Thursday, October 3, 2019

Toys and Scale

In school we often rely on scale figures in our models and drawings to communicate relative size of the things we make. There is playfulness in these figures that is reminiscent of Stewarts writing about the dollhouse. Stewart on page 62 states, “ As private property marked by the differentiations of privacy and privatizing functions (bathrooms, maids’ rooms, dining rooms, halls, parlors, and chambers) and characterized by attention to ornaments and detail to the point of excruciation (the hand of the artisan, the eye of the beholder), the dollhouse erases all but the frontal view; its appearance is the realization of the self as property, the body as container of objects, perpetual and incontaminable.” These models are my dollhouses. This project in particular asked us to work with an elephant as our occupant in order to confront the inevitable need for large mass and big spaces.
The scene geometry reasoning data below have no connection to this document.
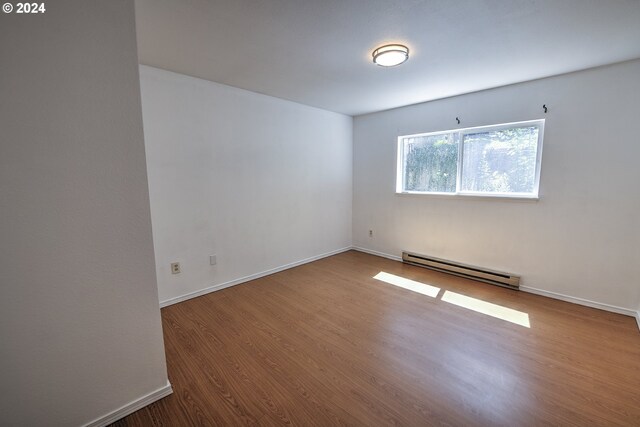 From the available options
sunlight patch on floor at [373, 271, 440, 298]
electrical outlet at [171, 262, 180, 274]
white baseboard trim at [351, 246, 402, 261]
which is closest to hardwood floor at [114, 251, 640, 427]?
sunlight patch on floor at [373, 271, 440, 298]

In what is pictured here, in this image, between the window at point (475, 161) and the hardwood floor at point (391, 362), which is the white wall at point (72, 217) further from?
the window at point (475, 161)

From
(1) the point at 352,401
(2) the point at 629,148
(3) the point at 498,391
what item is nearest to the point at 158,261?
(1) the point at 352,401

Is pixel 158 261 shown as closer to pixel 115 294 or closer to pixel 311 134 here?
pixel 115 294

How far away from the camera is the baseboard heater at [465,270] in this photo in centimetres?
310

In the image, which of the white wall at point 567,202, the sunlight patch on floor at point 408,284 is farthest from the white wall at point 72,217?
the white wall at point 567,202

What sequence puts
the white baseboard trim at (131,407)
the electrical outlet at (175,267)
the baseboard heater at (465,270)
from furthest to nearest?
the baseboard heater at (465,270), the electrical outlet at (175,267), the white baseboard trim at (131,407)

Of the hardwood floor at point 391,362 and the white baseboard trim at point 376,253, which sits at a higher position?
the white baseboard trim at point 376,253

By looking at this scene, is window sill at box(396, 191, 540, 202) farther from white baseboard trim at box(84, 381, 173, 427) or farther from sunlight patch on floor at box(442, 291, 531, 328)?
white baseboard trim at box(84, 381, 173, 427)

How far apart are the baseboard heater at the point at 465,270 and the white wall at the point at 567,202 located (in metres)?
0.10

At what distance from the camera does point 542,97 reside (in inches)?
108

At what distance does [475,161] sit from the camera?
335cm

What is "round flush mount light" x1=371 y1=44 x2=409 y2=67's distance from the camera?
203 centimetres

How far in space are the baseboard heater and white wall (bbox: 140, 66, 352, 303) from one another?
1.46 metres

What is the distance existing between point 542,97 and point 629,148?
88 centimetres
These are the first two photos I ever took with a film camera. Although they are quite literally toys, they are also embedded into a large concrete wall structure. The wall is overgrown with plants, algae, and other toys are compacted onto its face. There is a darkness in this structure that relates to the duality of toys and youth as discussed in The Darker Side of Playland. To me it talks about ideas of nostalgia and change, almost like an inevitable decay over time.
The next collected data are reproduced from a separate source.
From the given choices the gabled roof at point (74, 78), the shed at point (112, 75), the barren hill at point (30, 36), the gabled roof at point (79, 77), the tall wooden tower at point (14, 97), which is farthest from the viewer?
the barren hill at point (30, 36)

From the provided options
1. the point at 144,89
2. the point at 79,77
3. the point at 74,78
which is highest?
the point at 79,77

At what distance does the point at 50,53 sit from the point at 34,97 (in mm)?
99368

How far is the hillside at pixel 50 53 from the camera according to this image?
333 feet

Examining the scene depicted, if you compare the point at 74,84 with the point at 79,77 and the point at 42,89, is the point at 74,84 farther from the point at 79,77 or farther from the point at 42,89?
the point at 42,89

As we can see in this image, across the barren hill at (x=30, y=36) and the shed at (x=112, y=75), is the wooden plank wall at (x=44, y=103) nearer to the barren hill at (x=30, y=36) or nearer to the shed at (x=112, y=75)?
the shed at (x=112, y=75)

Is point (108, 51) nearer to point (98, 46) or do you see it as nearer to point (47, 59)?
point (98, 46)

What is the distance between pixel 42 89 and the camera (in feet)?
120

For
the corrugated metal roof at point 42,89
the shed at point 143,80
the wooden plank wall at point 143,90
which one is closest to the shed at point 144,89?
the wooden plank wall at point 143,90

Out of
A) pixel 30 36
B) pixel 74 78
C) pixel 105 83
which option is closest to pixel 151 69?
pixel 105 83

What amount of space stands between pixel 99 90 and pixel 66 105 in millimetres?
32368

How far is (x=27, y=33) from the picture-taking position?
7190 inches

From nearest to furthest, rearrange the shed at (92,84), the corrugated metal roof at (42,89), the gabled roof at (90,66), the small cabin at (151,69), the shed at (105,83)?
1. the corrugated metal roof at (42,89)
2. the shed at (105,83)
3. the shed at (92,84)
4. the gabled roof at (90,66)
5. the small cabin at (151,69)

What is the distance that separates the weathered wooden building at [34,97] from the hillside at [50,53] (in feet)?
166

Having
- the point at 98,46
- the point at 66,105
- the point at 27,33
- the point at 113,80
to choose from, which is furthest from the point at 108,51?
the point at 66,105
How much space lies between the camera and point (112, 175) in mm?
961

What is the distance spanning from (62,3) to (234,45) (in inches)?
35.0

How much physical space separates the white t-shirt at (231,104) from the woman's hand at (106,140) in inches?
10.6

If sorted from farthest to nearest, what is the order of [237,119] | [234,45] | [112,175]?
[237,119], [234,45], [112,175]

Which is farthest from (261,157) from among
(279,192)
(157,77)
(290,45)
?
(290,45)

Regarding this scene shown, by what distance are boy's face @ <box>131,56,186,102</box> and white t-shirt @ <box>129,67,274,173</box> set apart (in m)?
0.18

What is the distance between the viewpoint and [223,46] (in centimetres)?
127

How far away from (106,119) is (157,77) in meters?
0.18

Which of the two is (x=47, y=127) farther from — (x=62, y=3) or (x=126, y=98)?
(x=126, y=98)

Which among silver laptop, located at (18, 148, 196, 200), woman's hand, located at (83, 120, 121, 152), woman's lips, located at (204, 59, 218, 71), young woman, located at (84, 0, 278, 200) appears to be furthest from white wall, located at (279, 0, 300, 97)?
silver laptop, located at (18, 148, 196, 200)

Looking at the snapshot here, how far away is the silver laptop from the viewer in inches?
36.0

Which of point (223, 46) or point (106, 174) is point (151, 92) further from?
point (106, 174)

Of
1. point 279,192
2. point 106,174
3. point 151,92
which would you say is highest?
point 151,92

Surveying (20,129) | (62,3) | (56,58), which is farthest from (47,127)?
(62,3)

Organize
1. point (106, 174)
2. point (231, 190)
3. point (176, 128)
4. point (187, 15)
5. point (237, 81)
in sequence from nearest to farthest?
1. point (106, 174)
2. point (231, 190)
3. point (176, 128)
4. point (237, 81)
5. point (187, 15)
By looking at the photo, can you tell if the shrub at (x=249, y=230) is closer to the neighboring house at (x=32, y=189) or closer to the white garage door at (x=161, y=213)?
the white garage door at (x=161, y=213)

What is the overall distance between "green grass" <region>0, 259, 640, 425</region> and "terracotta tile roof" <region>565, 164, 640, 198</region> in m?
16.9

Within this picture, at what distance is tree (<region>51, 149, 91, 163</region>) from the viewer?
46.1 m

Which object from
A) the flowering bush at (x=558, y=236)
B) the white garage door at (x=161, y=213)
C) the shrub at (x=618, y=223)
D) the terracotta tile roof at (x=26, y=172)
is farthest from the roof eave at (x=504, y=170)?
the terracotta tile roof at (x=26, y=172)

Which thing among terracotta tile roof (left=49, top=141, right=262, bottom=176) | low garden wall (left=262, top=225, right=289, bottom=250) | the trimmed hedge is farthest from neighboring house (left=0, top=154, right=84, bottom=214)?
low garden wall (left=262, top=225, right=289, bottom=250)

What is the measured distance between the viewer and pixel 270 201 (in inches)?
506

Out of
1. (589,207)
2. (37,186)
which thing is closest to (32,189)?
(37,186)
Project: Waiting Windows by Note Design Studio Photos by Erik Lefvander

The Stockholm-based Note Design Studio recently completed an outdoor art installation of varying-sized stainless-steel structures set on a wooded hillside. This installation, titled ‘Waiting Windows’, is a meditation on the time in life that we spend waiting. The site-specific installation is said to be a sculptural study of the ‘dead time’ between the anticipation and the event. Daniel Hecksher, the interior architect for the firm, writes about waiting as a poetic frame of mind but that it’s often considered something of a void in our daily lives. I really enjoy the duality of the mirror in this sculpture as both a literal and physical expansion of landscape. The mirror is almost seamless as it sits in the landscape but the view of the reflected is superimposed into a singular plane, or image. I think time is an important component to scale and as it relates to closure in the miniature and infinity in the gigantic.